7, kinds of combined processing device, characterized in that, the combined processing device comprises the machine learning arithmetic device of claim 6, a universal interconnection interface and other processing devices except the machine learning arithmetic device in the combined processing device;

and the machine learning arithmetic device interacts with other processing devices except the machine learning arithmetic device in the combined processing device to jointly complete the calculation operation designated by the user.

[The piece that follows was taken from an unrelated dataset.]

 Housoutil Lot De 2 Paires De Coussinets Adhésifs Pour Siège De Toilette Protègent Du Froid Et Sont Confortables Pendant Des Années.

8. The combined processing device according to claim 7, further comprising: and a storage device connected to each of the machine learning arithmetic device and the combined processing device except the machine learning arithmetic device and the storage device, for storing data of the machine learning arithmetic device and the combined processing device except the machine learning arithmetic device and the storage device.
A neural network chip of claim 9, , wherein the neural network chip comprises the machine learning arithmetic device of claim 6 or the combined processing device of claim 7 or the combined processing device of claim 8.
10, electronic device, characterized in that the electronic device comprises a chip according to claim 9.